His lectures are a presentation of ideas put forward by philosophers and other psychologists.
So it's not quite the definition of a cliche but I see him as some one who connects theories, historical events, ideologies and lets you make your mind up about what they mean. (He does talk shit on postmodernism too often though which bores me).

Fiction is morally and philosophically (and aesthetically, if that makes sense) instructive, whether you want it to be or not.

He's not wrong.

fpbp & cribbing Peterson, who is not terrible as pseuds with intellectual affectations say


This is also correct.

Only people without vision see fiction as mere escapism. Fiction done well, when read by a thoughtful person, helps the reader discover something about themselves by this process: reading, reacting, observing the reaction, judgment/questioning self. Any story can do this when read by a thoughtful reader, just some stories are more applicable to the times and audience. Fiction is the actual red pill. Follow the white rabbit.

Guess one really shouldn't watch TV.

"no shit"

>ITT
>Reeee stop quoting Peterson who was written extensively about the purpose of fiction!
>I don't have an argument but stop using his arguments!

Plato was firmly against theater, here's one of his arguments against fiction:

"Ion: [...] For I must frankly confess that at the tale of pity my eyes are filled with tears, and when I speak of horrors, my hair stands on end and my heart throbs.

Socrates: Well, Ion, and what are we to say of a man who at a sacrifice or festival, when he is dressed in an embroidered robe, and has golden crowns upon his head, of which nobody has robbed him, appears weeping or panic-stricken in the presence of more than twenty thousand friendly faces, when there is no one despoiling or wronging him--is he in his right mind or is he not?

Ion: No indeed, Socrates, I must say that, strictly speaking, he is not in his right mind.

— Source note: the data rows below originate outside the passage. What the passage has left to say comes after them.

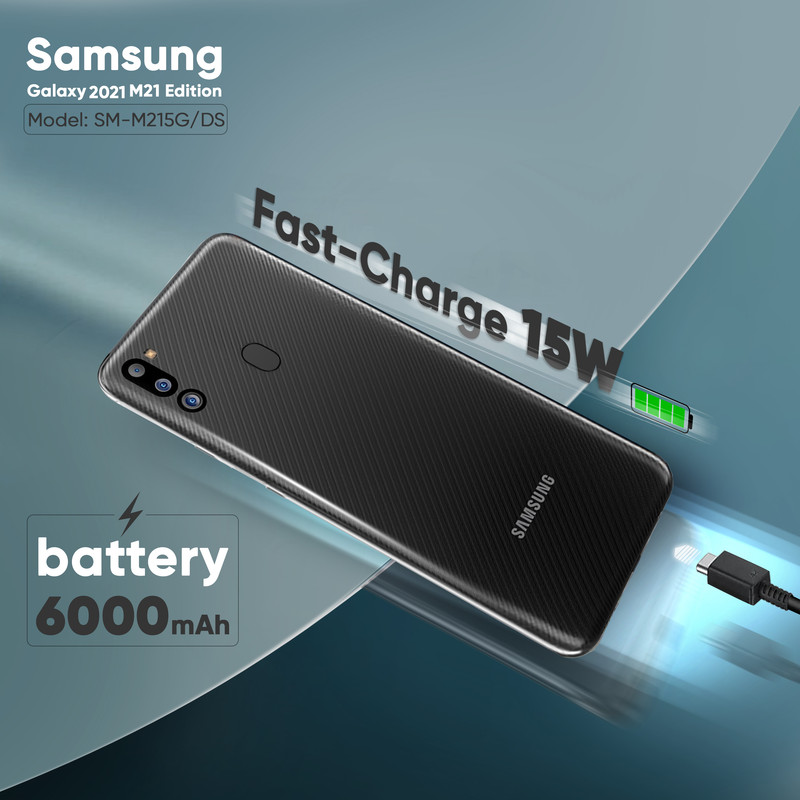 گوشی موبایل سامسونگ مدل Galaxy M21 2021 Edition SM-M215G/DS دو سیم کارت ظرفیت 64 گیگابایت و 4 گیگابایت رم - اکتیو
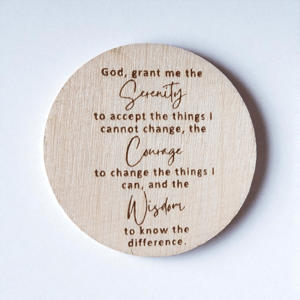 Image of Personalized Wooden Sobriety Coin: AA / NA Anniversary Gift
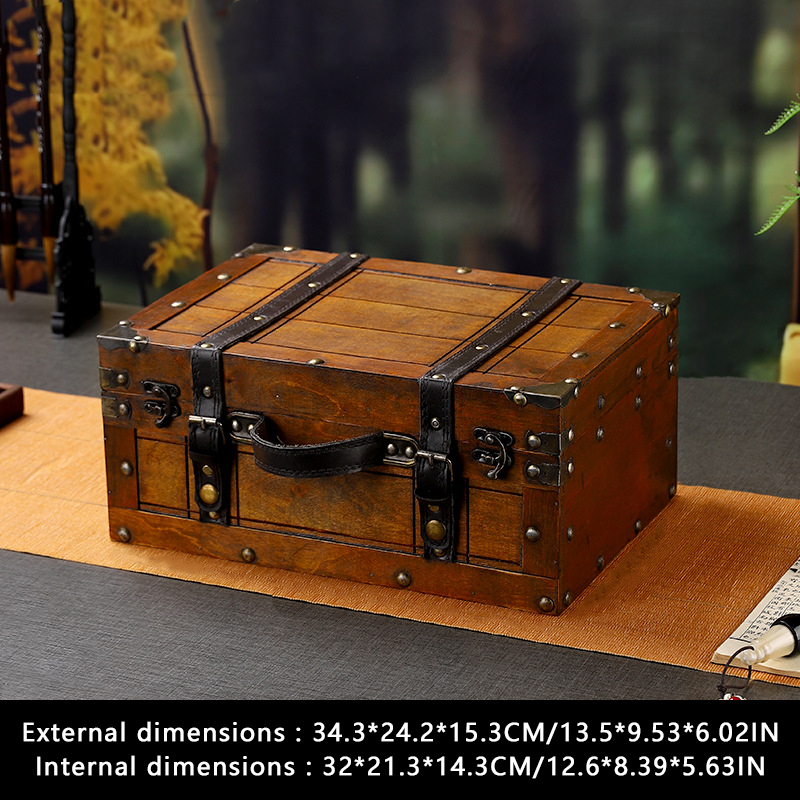Valise Vintage en bois avec poignée, , boîte de rangement pour bijoux au trésor de Style européen, mallette de rangement pour la maison et les voyages: green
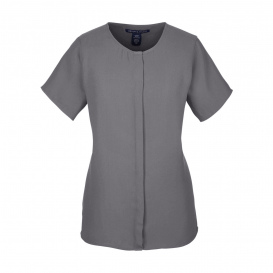 Devon & Jones DP612W Ladies Perfect Fit Short-Sleeve Crepe Blouse - Graphite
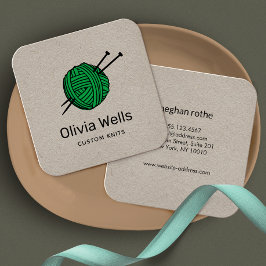 Anpassbare Farbknitter für das Knittern von Croche Quadratische Visitenkarte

Socrates: And are you aware that you produce similar effects on most of the spectators?" (Plato, Ion 15)

Wherein I btfo Socrates:

Socratic dialogues ARE THEATRE. Socrates takes the interlocutor on a journey through his arguments and hypotheticals, sometimes provoking an emotional response, standing before or among a crowd. He uses language to make others feel what they did not before, and his narrative reveals truths that edify the audience.

Socrates in your example spoke against base escapism, but he did use fiction as a tool.

If you did not understand his feelings about it, which means having minimum empathy, then I must unfortunately inform you of your high possibilities of having autism yourself.

Well there's a common interpertration that says that Plato only wrote like that to prove his words. He despite artits and yet we see how he can be one of the finests of them, and just to prove a point.

>Take away the unimportant parts like your morning routine, commute, bathroom visits.

lmao

you are describing NEETdom my man

Fiction is the most direct line to another person's thoughts. Without realizing it, even bad writers indicate their thinking in the writing of a single sentence.

>instructive
Autismo christfag detected. A depiction is not an endorsement.

> A depiction is not an endorsement.

Isn't it? Presumably one shares an idea because they deem it worthy of an audience and consideration.

>because whenever I finish reading a novel I feel like an altered person.

Do you feel this way after James Patterson's works too?